A ocupação da plataforma por essas dinâmicas também gerava dados que ajudavam a entender fragilidades do processo, como aponta Carla Rocha.
“Toda semana a gente baixava todos os dados de uso da plataforma para entender quem eram as pessoas, de onde estavam vindo os votos e as propostas, quais os lugares do Brasil que estavam participando de forma mais abrangente e também o contrário, e isso direcionava a mobilização, orientada a dados”.
Para Danilo Castro, jornalista que coordenou a comunicação em rede do Brasil Participativo, tão importante quanto reconhecer o sucesso do projeto é seguir investindo nas diversas camadas que ainda precisam ser melhoradas.
“Há muito o que evoluir, principalmente no que tange às questões de acessibilidade – que precisam se tornar uma prioridade na plataforma, com atualizações periódicas como método. Desde o acesso à internet em localidades remotas, às questões de acessibilidade do login gov.br, do Governo Federal, e também à acessibilidade para pessoas com deficiência e/ou dificuldade de leitura”.
Nara Pessoa, comunicadora e consultora da Nômade, aponta para questões ainda mais profundas, que não se pode perder de vista quando o intuito é realmente a realização de uma participação social verdadeira. “Fazer participação social requer muita escuta, muito diálogo, requer lidar com o tensionamento de olhar para além do que está posto, olhar para as pessoas mesmo, num processo de construir junto, de enfrentar junto o problema no território”, o que não aconteceu no curto espaço de tempo em que executou-se o Brasil Participativo, na opinião da jornalista.

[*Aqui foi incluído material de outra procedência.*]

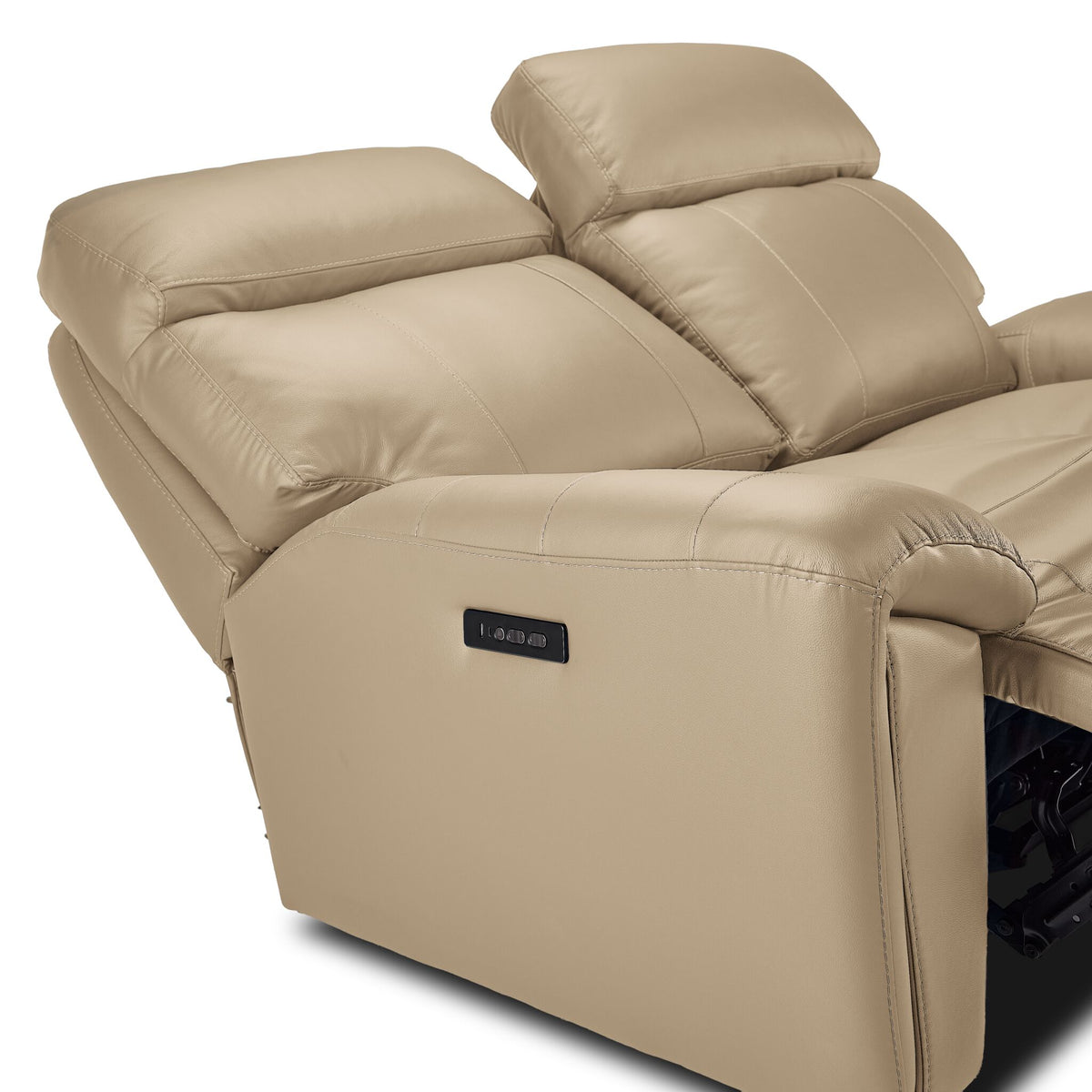 Apollo beige leather loveseat close-up showing adjustable headrests, padded arm and side-mounted power controls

Ainda assim, Castro reafirma que o Brasil serviu de exemplo para outras nações quando conseguiu conectar uma grande parcela do povo brasileiro, que sugeriu suas ideias e seus sonhos ao governo. “O povo podendo incidir nas políticas públicas de uma forma nova e desburocratizada, sem necessidade obrigatória de integrar órgãos colegiados para conseguir deliberar, sugerir, opinar e propor. Sem dúvidas, é um marco que aquece o coração. Participação social é direito do povo e saber que fomos uma ponte para a abertura dos portões da participação é gratificante”.